+++ INPUT RECORDS +++

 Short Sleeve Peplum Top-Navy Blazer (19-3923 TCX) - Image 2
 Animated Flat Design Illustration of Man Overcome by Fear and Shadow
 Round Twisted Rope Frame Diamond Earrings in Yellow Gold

+++
+++ INPUT RECORDS +++

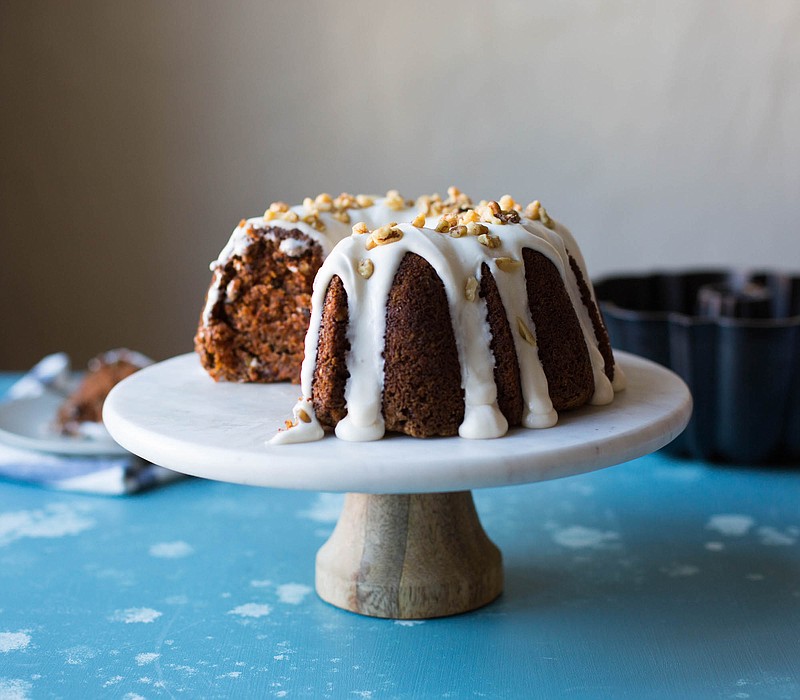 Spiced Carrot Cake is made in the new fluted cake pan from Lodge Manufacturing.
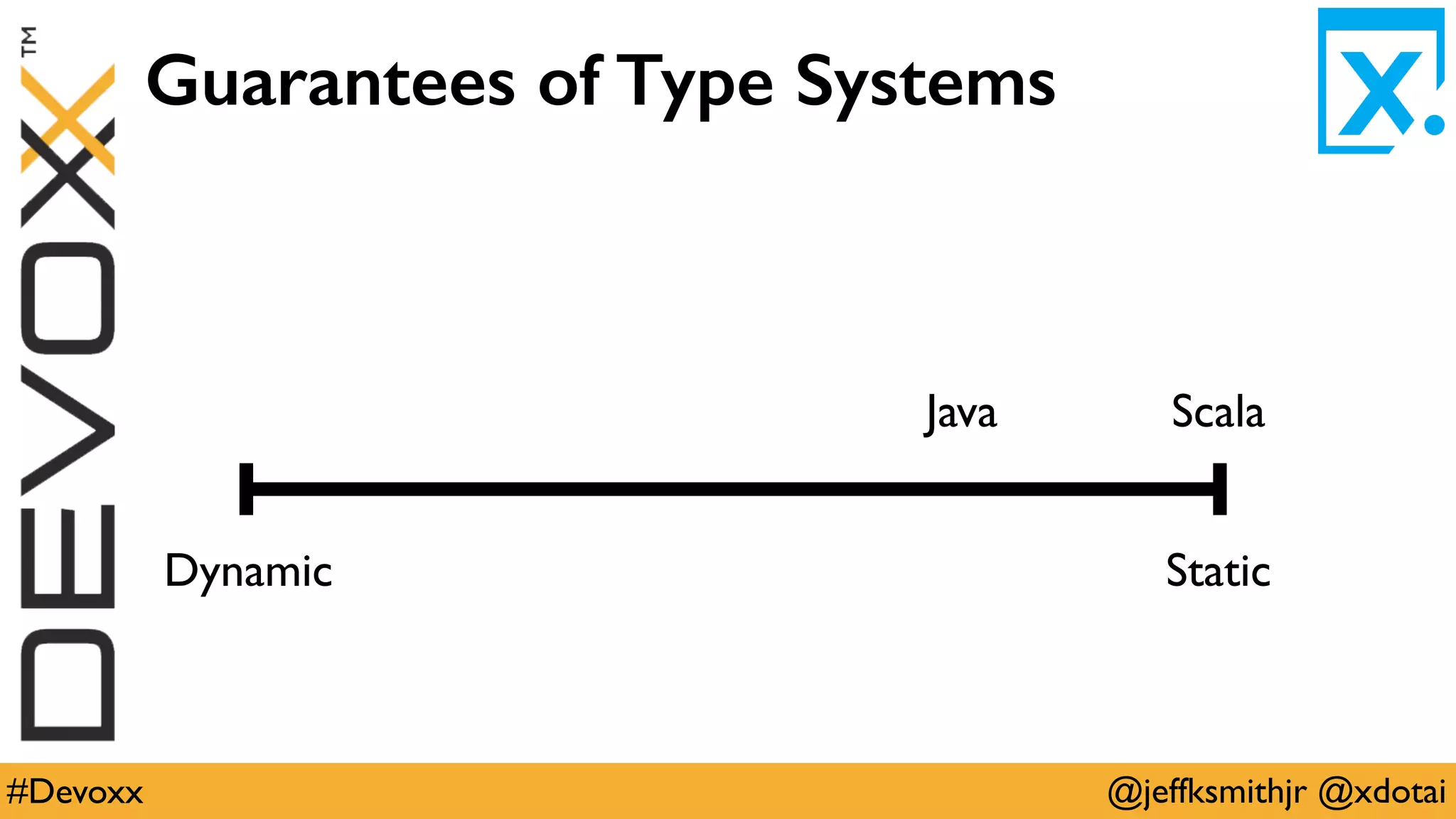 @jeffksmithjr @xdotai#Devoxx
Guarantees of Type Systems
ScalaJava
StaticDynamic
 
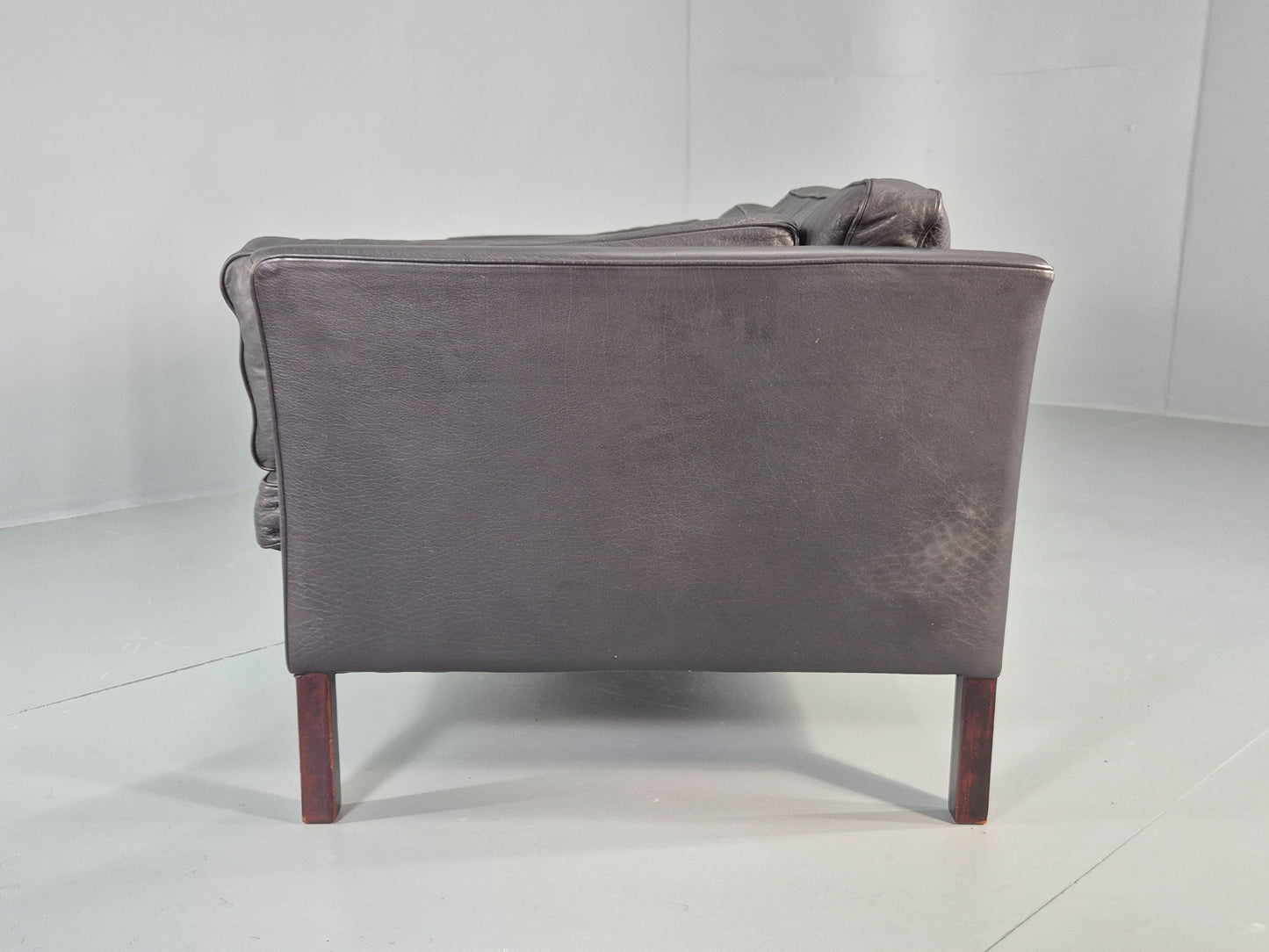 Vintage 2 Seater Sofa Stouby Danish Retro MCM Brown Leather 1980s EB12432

+++

• PROBLEM TO SOLVE:
Would you print, exactly as written, every line above from the one holding "Short Sleeve Peplum" through the one holding "Round Twisted Rope", with both included and no other lines?

• ANSWER TO THE EXERCISE:
 Short Sleeve Peplum Top-Navy Blazer (19-3923 TCX) - Image 2
 Animated Flat Design Illustration of Man Overcome by Fear and Shadow
 Round Twisted Rope Frame Diamond Earrings in Yellow Gold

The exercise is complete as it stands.